-- YOUR INSTRUCTIONS --
Print all the records exactly as they stand.

-- Stored data entries --
_ _ _ _ _ _ _

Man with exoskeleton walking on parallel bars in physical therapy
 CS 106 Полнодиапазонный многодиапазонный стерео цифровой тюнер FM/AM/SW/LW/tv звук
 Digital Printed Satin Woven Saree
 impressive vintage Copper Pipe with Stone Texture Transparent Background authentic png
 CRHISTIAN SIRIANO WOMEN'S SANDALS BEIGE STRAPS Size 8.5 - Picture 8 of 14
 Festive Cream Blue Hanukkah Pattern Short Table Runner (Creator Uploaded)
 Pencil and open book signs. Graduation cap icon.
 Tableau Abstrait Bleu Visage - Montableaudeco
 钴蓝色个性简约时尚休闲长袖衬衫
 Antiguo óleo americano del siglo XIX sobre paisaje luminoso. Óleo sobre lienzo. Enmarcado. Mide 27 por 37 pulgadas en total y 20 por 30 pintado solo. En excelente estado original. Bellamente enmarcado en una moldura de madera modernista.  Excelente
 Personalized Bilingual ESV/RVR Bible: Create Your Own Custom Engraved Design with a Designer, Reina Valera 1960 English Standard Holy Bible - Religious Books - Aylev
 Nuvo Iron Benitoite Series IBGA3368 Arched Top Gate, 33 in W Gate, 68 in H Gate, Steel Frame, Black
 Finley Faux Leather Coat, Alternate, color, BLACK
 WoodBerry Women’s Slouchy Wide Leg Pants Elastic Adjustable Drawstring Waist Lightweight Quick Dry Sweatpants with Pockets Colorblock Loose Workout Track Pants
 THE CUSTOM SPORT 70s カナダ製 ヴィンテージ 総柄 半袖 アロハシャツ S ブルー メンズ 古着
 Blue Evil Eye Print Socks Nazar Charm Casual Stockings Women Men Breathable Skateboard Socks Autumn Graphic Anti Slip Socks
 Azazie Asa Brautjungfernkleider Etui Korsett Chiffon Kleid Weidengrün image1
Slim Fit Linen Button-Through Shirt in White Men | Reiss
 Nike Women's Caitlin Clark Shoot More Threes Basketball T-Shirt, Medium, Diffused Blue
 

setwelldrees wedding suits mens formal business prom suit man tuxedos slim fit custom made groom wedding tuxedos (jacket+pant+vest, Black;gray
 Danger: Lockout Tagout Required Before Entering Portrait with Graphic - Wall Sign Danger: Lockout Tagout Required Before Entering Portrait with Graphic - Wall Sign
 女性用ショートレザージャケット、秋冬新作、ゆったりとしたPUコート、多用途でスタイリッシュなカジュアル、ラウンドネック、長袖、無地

_ _ _ _ _ _ _

-- SOLUTION --
Man with exoskeleton walking on parallel bars in physical therapy
 CS 106 Полнодиапазонный многодиапазонный стерео цифровой тюнер FM/AM/SW/LW/tv звук
 Digital Printed Satin Woven Saree
 impressive vintage Copper Pipe with Stone Texture Transparent Background authentic png
 CRHISTIAN SIRIANO WOMEN'S SANDALS BEIGE STRAPS Size 8.5 - Picture 8 of 14
 Festive Cream Blue Hanukkah Pattern Short Table Runner (Creator Uploaded)
 Pencil and open book signs. Graduation cap icon.
 Tableau Abstrait Bleu Visage - Montableaudeco
 钴蓝色个性简约时尚休闲长袖衬衫
 Antiguo óleo americano del siglo XIX sobre paisaje luminoso. Óleo sobre lienzo. Enmarcado. Mide 27 por 37 pulgadas en total y 20 por 30 pintado solo. En excelente estado original. Bellamente enmarcado en una moldura de madera modernista.  Excelente
 Personalized Bilingual ESV/RVR Bible: Create Your Own Custom Engraved Design with a Designer, Reina Valera 1960 English Standard Holy Bible - Religious Books - Aylev
 Nuvo Iron Benitoite Series IBGA3368 Arched Top Gate, 33 in W Gate, 68 in H Gate, Steel Frame, Black
 Finley Faux Leather Coat, Alternate, color, BLACK
 WoodBerry Women’s Slouchy Wide Leg Pants Elastic Adjustable Drawstring Waist Lightweight Quick Dry Sweatpants with Pockets Colorblock Loose Workout Track Pants
 THE CUSTOM SPORT 70s カナダ製 ヴィンテージ 総柄 半袖 アロハシャツ S ブルー メンズ 古着
 Blue Evil Eye Print Socks Nazar Charm Casual Stockings Women Men Breathable Skateboard Socks Autumn Graphic Anti Slip Socks
 Azazie Asa Brautjungfernkleider Etui Korsett Chiffon Kleid Weidengrün image1
Slim Fit Linen Button-Through Shirt in White Men | Reiss
 Nike Women's Caitlin Clark Shoot More Threes Basketball T-Shirt, Medium, Diffused Blue
 

setwelldrees wedding suits mens formal business prom suit man tuxedos slim fit custom made groom wedding tuxedos (jacket+pant+vest, Black;gray
 Danger: Lockout Tagout Required Before Entering Portrait with Graphic - Wall Sign Danger: Lockout Tagout Required Before Entering Portrait with Graphic - Wall Sign
 女性用ショートレザージャケット、秋冬新作、ゆったりとしたPUコート、多用途でスタイリッシュなカジュアル、ラウンドネック、長袖、無地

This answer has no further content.